I definitely agree that one of the responsibilities of the test team is to assure the quality of the product. To this end, on the VC team, QA is involved from the very beginning of spec'ing out features, reviewing specs, dev and test plans and making sure new features are both useable for the end users and testable for the test team. In the end, QA's job is to make sure things are right for the customers, and if we think things may not be going that way, or something is blocking us from doing so, it's our job to call that out. However, it's equally important to see the big picture and realize that there are good reasons not to fix some bugs, like the risk to other areas of the product, cost vs effect and that sort of thing.
Visual C++ Libraries QA team
I found your job very interesting. Thanks for sharing some experience with us.
I give you one challenge for the "by design" vs "bug":
If you change an idl file then do an incremental build the binary will not be correct. This is because it will not embed the new tlb. Seems like a bug no?
What happens it's probably not a bug:
The tlb is changed but the rc compiler will not be triggered because the tlb file is not part of the project and not an input for the compiler.

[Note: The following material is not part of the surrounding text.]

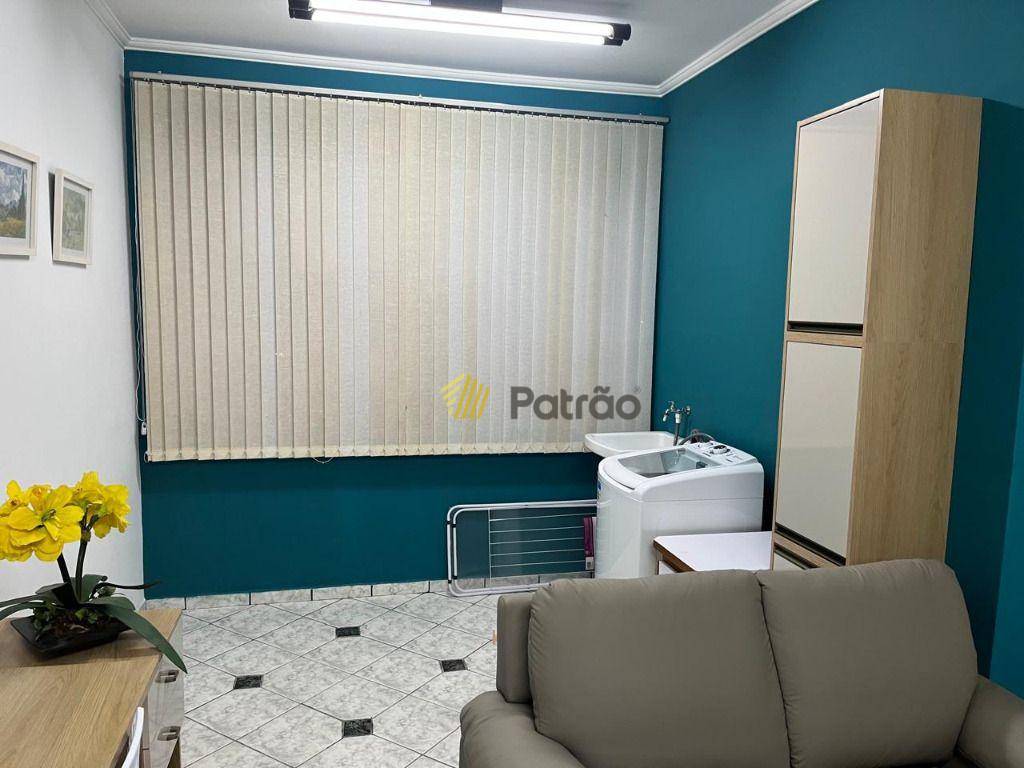 Apartamento para alugar com 1 quarto, 35m² - Foto 2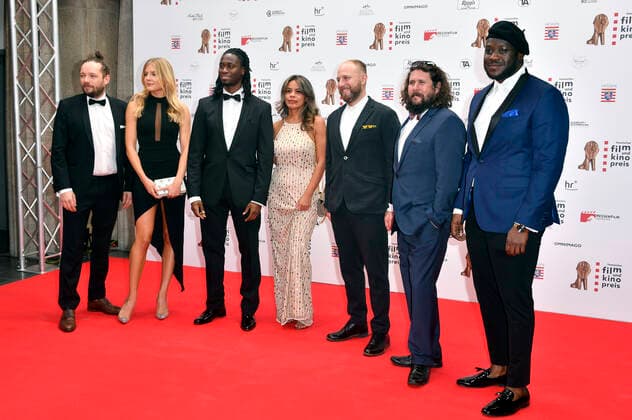 York-Fabian Raabe, Gast, Eugene Boateng, Gast, Eric Golub, Tommy Niessner und Prince Kuhlmann bei der 32. Verleihung des Hessischen Film- und Kinopreises im Capitol Theater. Offenbach, 22.10.2021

From my point of view this is a bug. The incremental build does not work correctly in some cases. I do not trust it and I have to use
clean builds everytime I release something.
The idl file also compiles to some .c and .h files, not only to the .tlb file. The ATL interface depends on those .c and .h files. So I think it is a bug that the incremental build doesn't work.
Since I have the habit of doing full rebuilds, I even forgot about that bug. Now I remember it, but if I post it to the Connect site then it will be resolved "won't fix".
The resource compiler does not depend on the .h or .c files so it will no be triggered.
My requested VS feature is to fully support the agile method within the VS environment including test case management, test case execution, a wiki or other application for creating and manually running test cases (a Fitnesse replacement).
Thanks for taking the time to read my post and for sending me your reply/question.
If I understand your question correctly, I would say that in order for the IDE to know a file/step is part of the project (and therefore that it needs to be compiled when doing a build - or checked and potentially compiled if doing an incremental build) then that files has to be known to the project system (for example, just including one of the auto-generated file inside one of the project’s source files is not sufficient for the IDE to know how to generate it correctly.) If some file is external to the project (such as an IDL file and/or some of its auto-generated files including its type library) then the project system must be explicitly told by the developer it is part of the project.
I am not sure which version of the compiler/IDE. But I did an experiment on VS 2005 (built 14.00.50727.762), which seemed to have shown correct changes after an incremental rebuilt over an .idl file change. It will be very helpful if you can provide us the detailed steps, process/sample codes that trigged the problem you’ve met. If you submitted this problem to MS support team before, a link to that submission will be helpful too.
Another thing you might want to pay attention to is that I would always do a complete/clean build before releasing a final version of my product even if I am doing incremental builds during development.